[Collection entries]
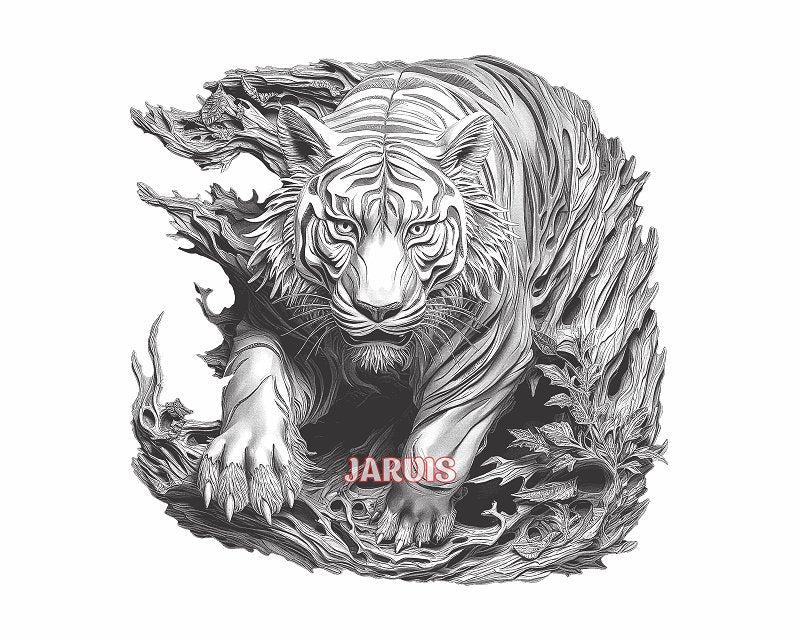 Tiger 3d illusion & laser-ready file - 3DWave.us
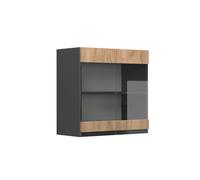 Vicco Meuble de Cuisine Haut vitré R-Line, Chêne de Force doré/Anthracite, 60 cm J-Shape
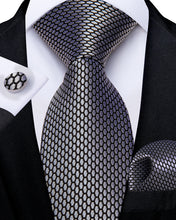 Grey Palid Men's Tie Handkerchief Cufflinks Clip Set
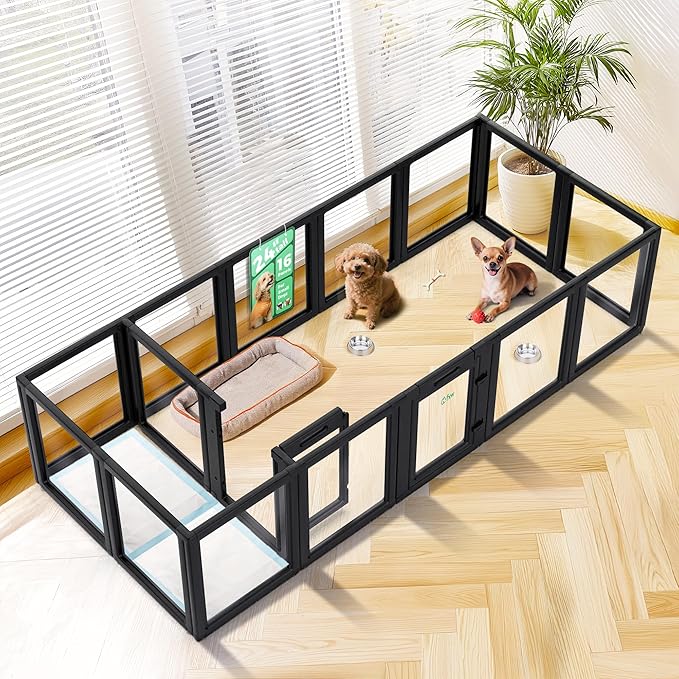 FXW AuraSpace Acrylic Indoor Unleashed Dog Playpen for Puppies and Small Dogs, 24 Inch, 16 Panels, Black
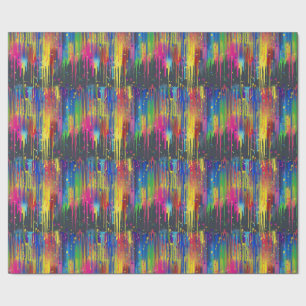 Cool Rainbow Party Paint Drip Repeating Pattern Wrapping Paper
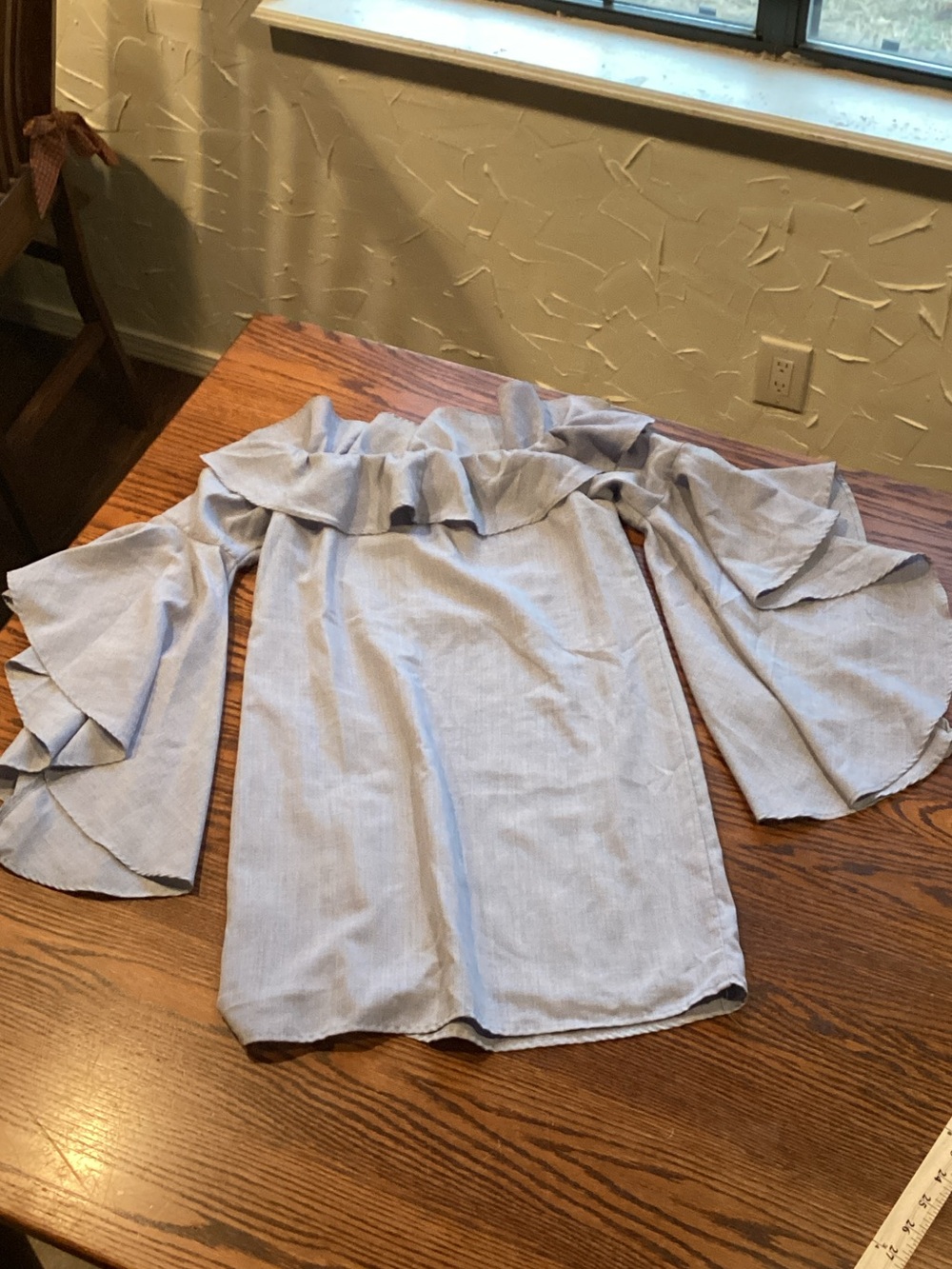Wayf Light Blue Off-Shoulder Ruffle Bell-Sleeve Tunic - Picture 11 of 11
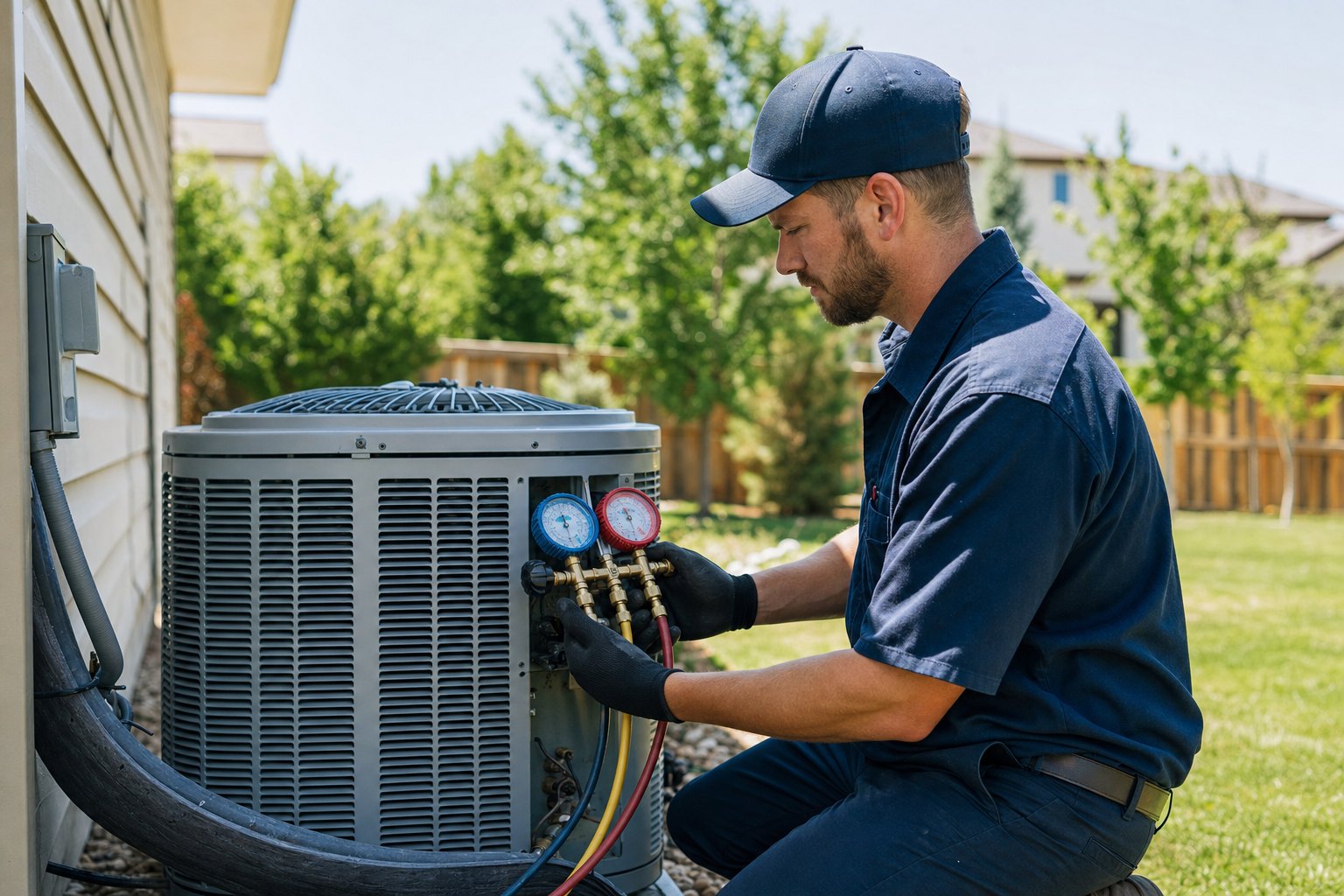 Cooling HVAC service work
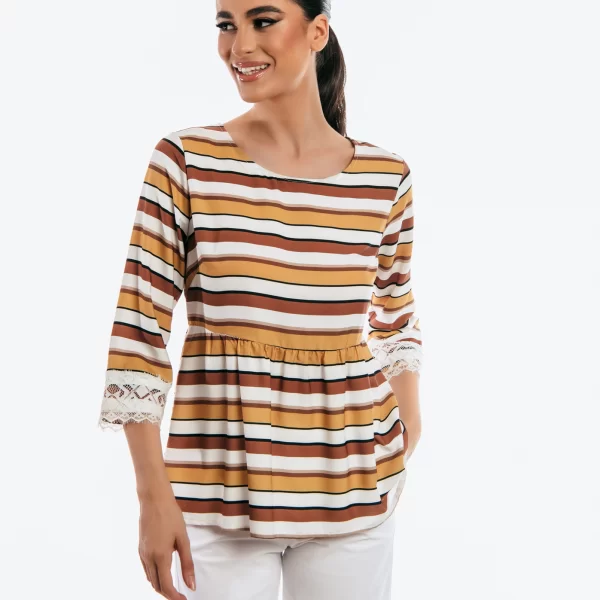 ΜΠΛΟΥΖΑ ΜΕ ΡΙΓΕΣ Κίτρινο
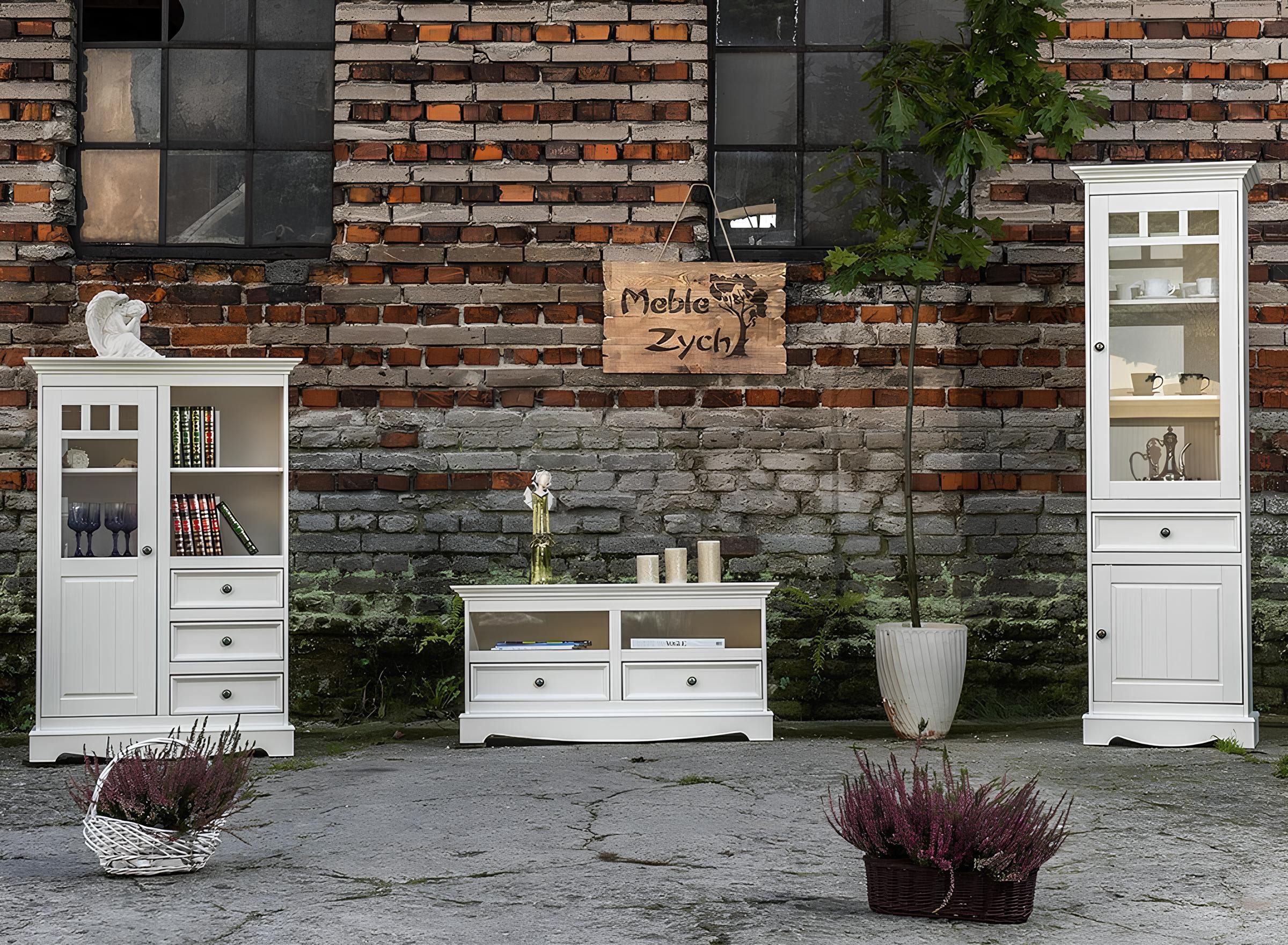 JVmoebel Anrichte Rustikales Holzregal mit Soft-Close-Funktion und Glasdetails (1 St., Aktenschrank), Made in Europa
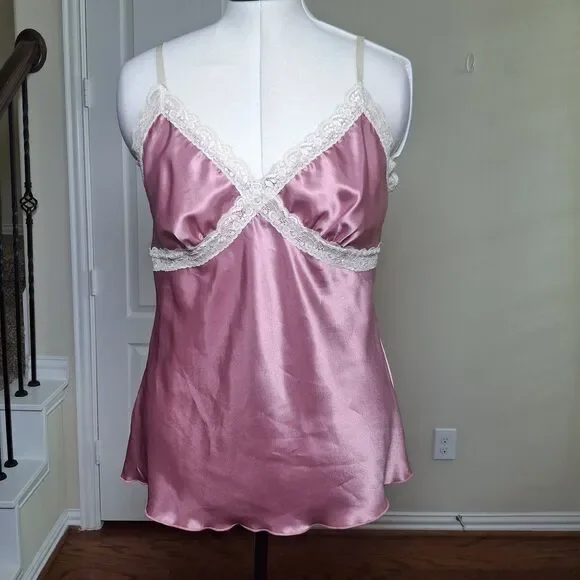 Vintage Babydoll Satin Lace Camisole Top Pink XL Y2K Fairy Grunge Coquette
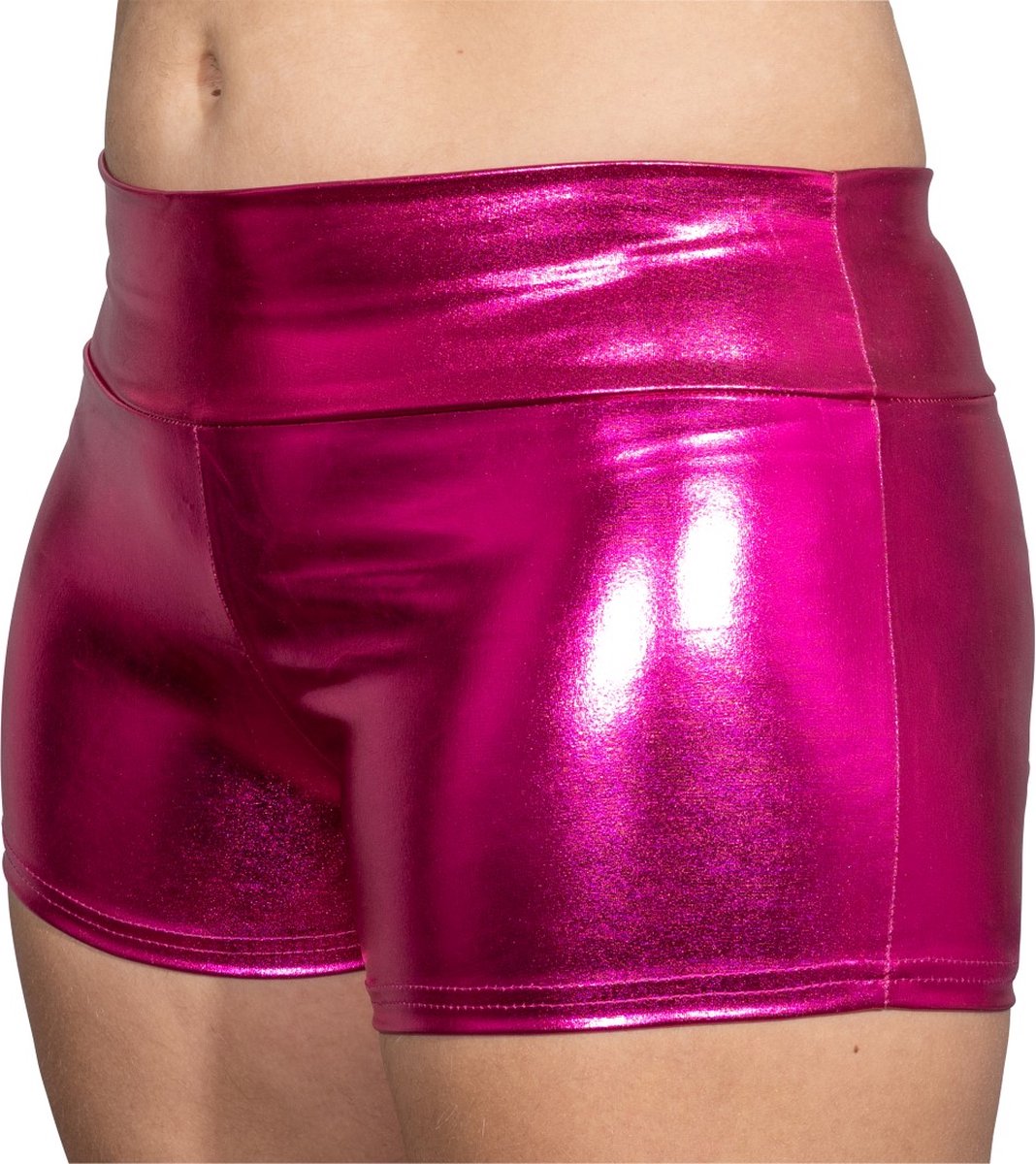Glanzende hotpants - fuchsia - donker roze - M - 36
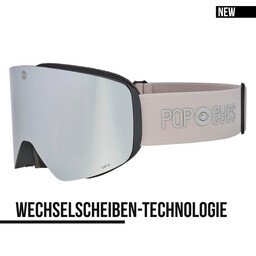 Men’s ski goggles JAMIE Frost Grey – new ski goggles with magnetic interchangeable lens system and silver lens | POP EYES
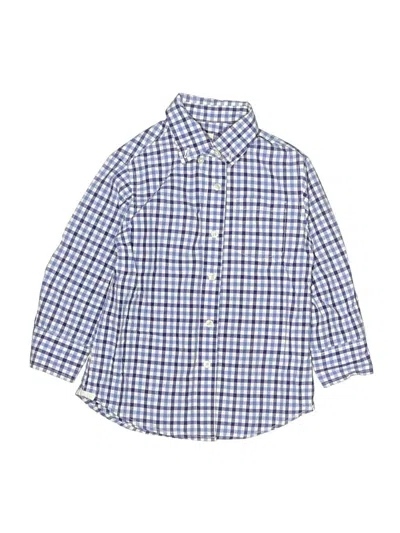 Pre-owned Crewcuts Kids' Short Sleeve Button Down Shirt In Blue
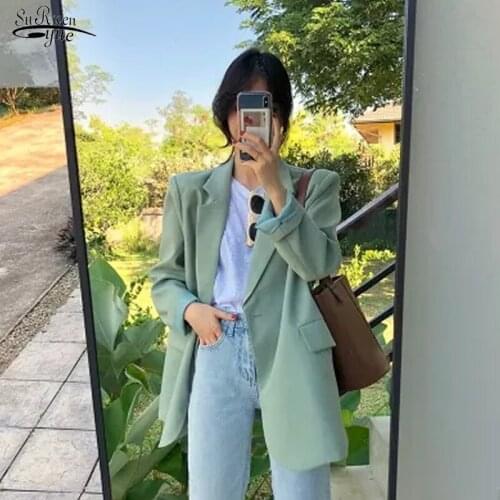 2021 Spring Casual Solid Long-sleeved 4XL Female Jacket Loose Elegant Lazy Suit Fashion Office Lady Slim Suit Woman Blouse 16103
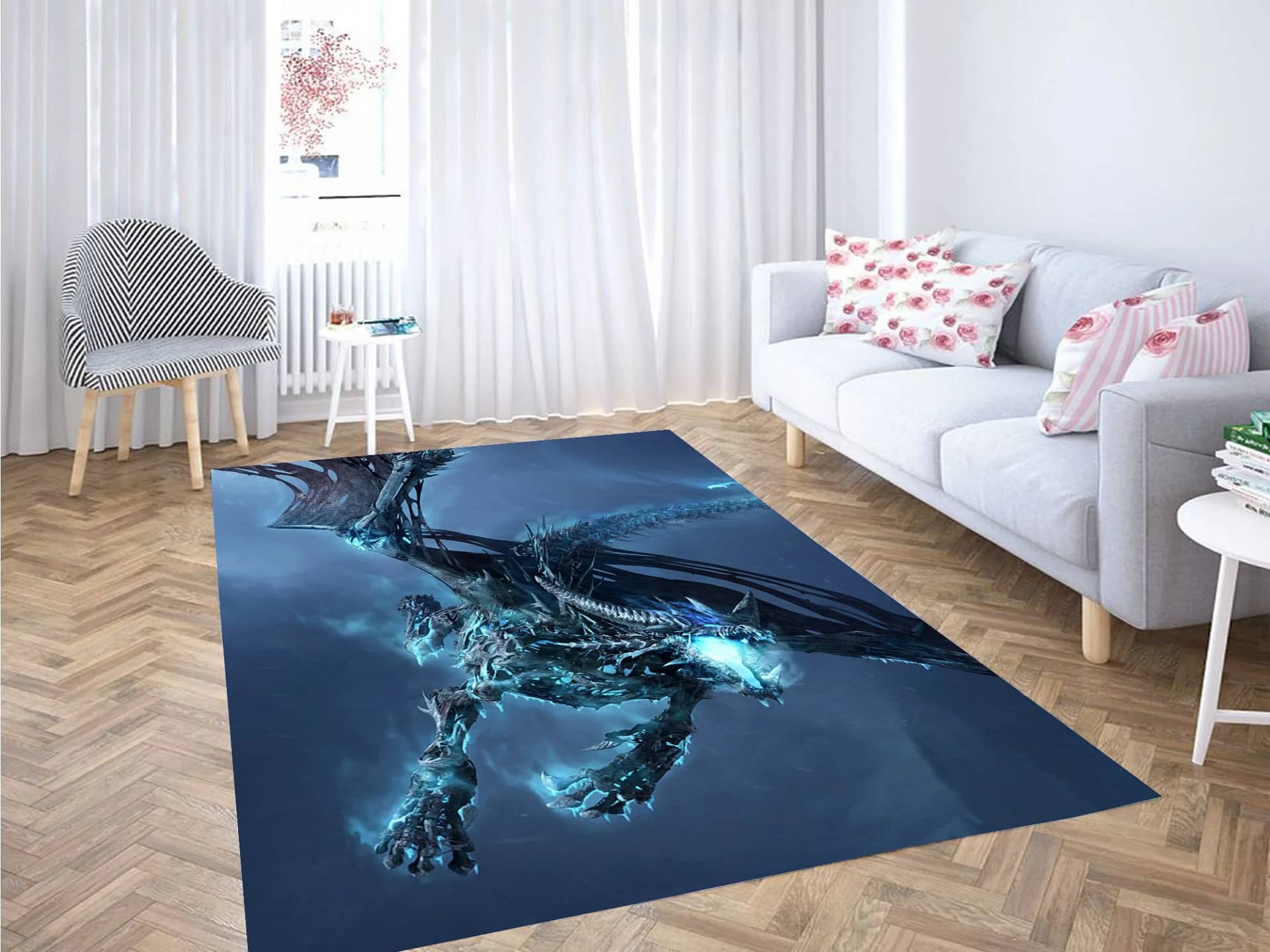 Blue Ice Dragon Carpet Rug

■ YOUR ASSIGNMENT ■
Give every line of the data above again as it stands; the pictures stay out.

■ OUTPUT ■
 Tiger 3d illusion & laser-ready file - 3DWave.us
 Vicco Meuble de Cuisine Haut vitré R-Line, Chêne de Force doré/Anthracite, 60 cm J-Shape
 Grey Palid Men's Tie Handkerchief Cufflinks Clip Set
 FXW AuraSpace Acrylic Indoor Unleashed Dog Playpen for Puppies and Small Dogs, 24 Inch, 16 Panels, Black
 Cool Rainbow Party Paint Drip Repeating Pattern Wrapping Paper
Wayf Light Blue Off-Shoulder Ruffle Bell-Sleeve Tunic - Picture 11 of 11
 Cooling HVAC service work
 ΜΠΛΟΥΖΑ ΜΕ ΡΙΓΕΣ Κίτρινο
 JVmoebel Anrichte Rustikales Holzregal mit Soft-Close-Funktion und Glasdetails (1 St., Aktenschrank), Made in Europa
 Vintage Babydoll Satin Lace Camisole Top Pink XL Y2K Fairy Grunge Coquette
Glanzende hotpants - fuchsia - donker roze - M - 36
 Men’s ski goggles JAMIE Frost Grey – new ski goggles with magnetic interchangeable lens system and silver lens | POP EYES
 Pre-owned Crewcuts Kids' Short Sleeve Button Down Shirt In Blue
 2021 Spring Casual Solid Long-sleeved 4XL Female Jacket Loose Elegant Lazy Suit Fashion Office Lady Slim Suit Woman Blouse 16103
 Blue Ice Dragon Carpet Rug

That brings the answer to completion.